Least awful parking
Dear Editor:
Everyone affected by parking enforcement in Berkeley Springs needs to clearly understand that we will never reach a perfect solution because there are simply not enough parking spaces available directly outside the businesses that need them. We are therefore left with trying to choose the “least awful alternative.”
Poorly enforced, no enforced parking or ridiculously low meter fees causes the upstairs apartment renters and downtown business employees to homestead the best parking spots. Tourist customers then cannot find parking spots, except on the back streets, which most won’t take because they come from a crime-ridden city where a block is the difference between life and death.
Good parking enforcement pushes the renters and business employees off the prime spots and prevents homesteading because they get too many tickets and therefore opens up parking for tourist customers.

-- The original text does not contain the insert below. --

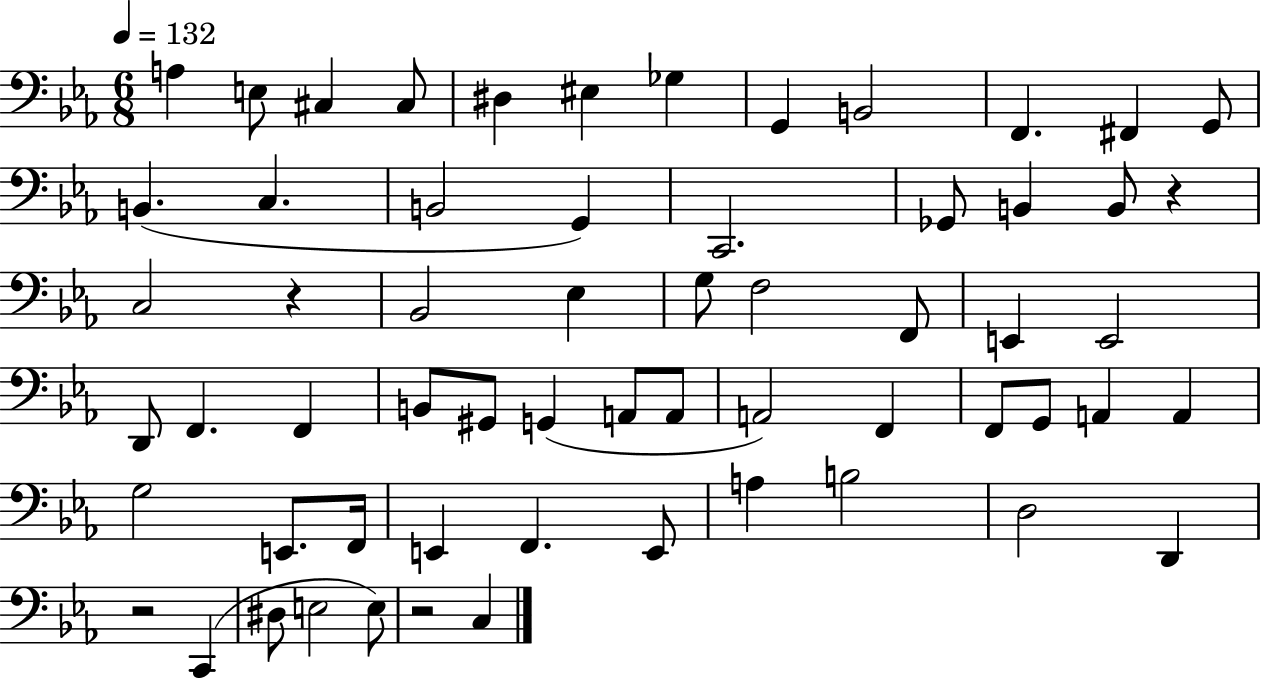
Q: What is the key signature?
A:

Additionally, meters and small fines fund a big portion of the police department, which does a good job of keeping the streets safe and prevents the illegal drug pushers and users from hanging around the downtown area and scaring off the tourists.
The junction of two major highways that makes Berkeley Springs an outstanding retail location also makes it a fine one-square-mile location for peddling illegal drugs. Sure, I’ll concede that illegal drug selling does go on in Berkeley Springs, but the Police Department makes sure the pushers stay moving, low profile and low profit, and when they don’t the drug pusher ends up sleeping on an exercise mat over at the Eastern Regional Jail in Martinsburg.
We cannot avoid the basic facts of the downtown parking problem. The current solution has developed over the years for some very good reasons, and merchants wanting no enforcement had better watch out or they might get what they ask for.